◆ Dataset content:
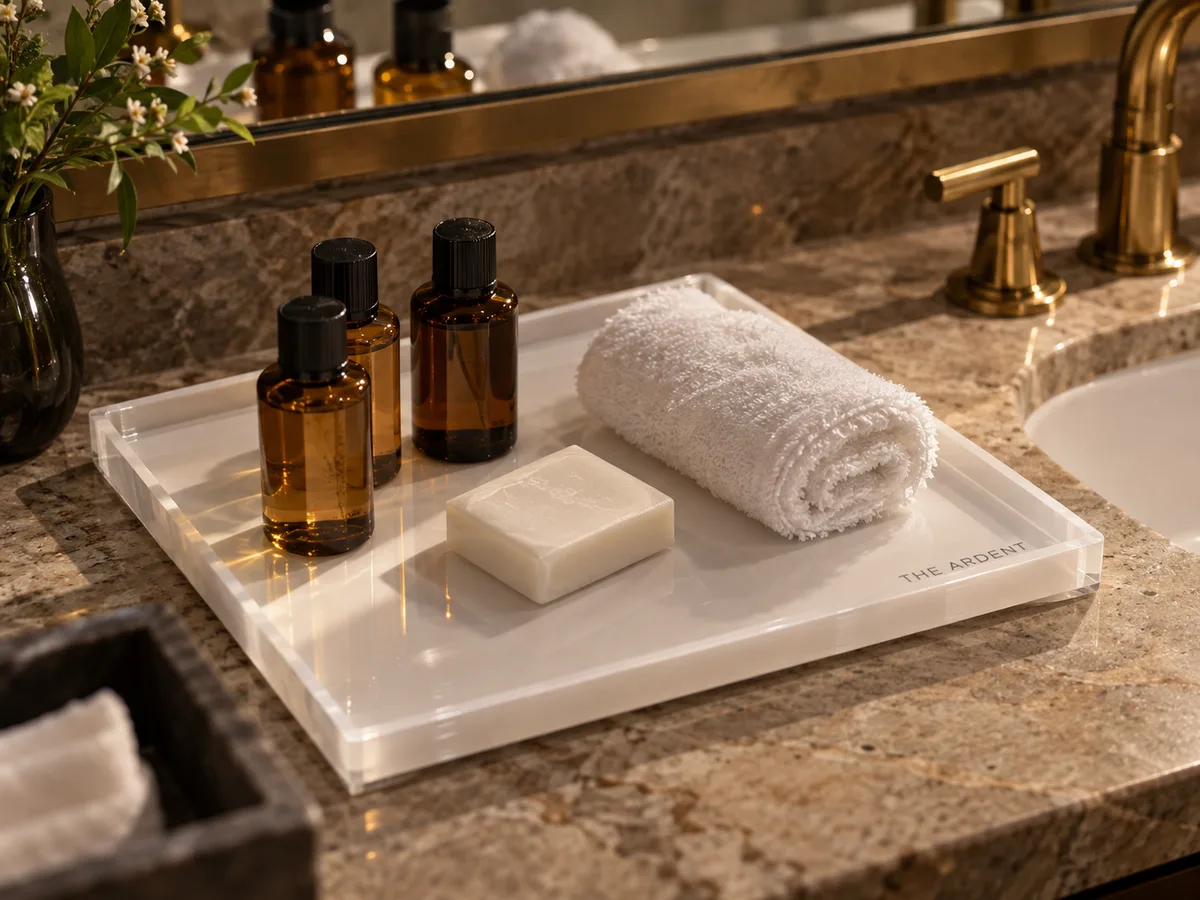 White acrylic amenity tray with an etched logo holding toiletries on a hotel bathroom vanity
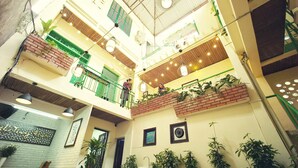 Ein mehrgeschossiges Atrium mit Back- und weißen Wänden, grünen Geländern und mehreren Sitzebenen.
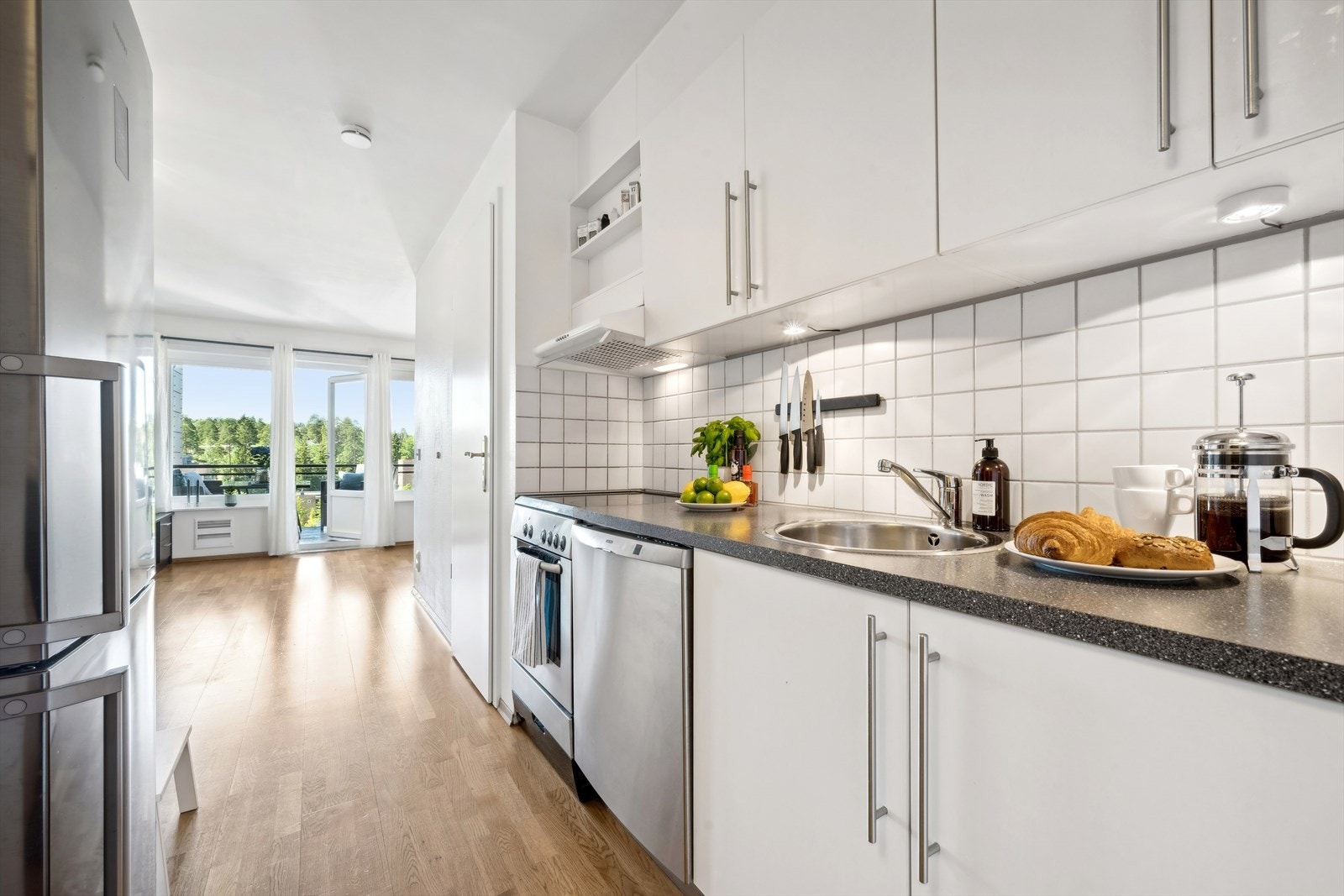 Kjøkkenet har innredning med slette fronter og benkeplaten er av laminat og fliser på vegg over benk. Galleribilde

◆ Exercise: Write out exactly the lines from the line containing "Ein mehrgeschossiges Atrium" through the last line of the listing above, please, and leave out any pictures.

◆ Exercise output:
 Ein mehrgeschossiges Atrium mit Back- und weißen Wänden, grünen Geländern und mehreren Sitzebenen.
 Kjøkkenet har innredning med slette fronter og benkeplaten er av laminat og fliser på vegg over benk. Galleribilde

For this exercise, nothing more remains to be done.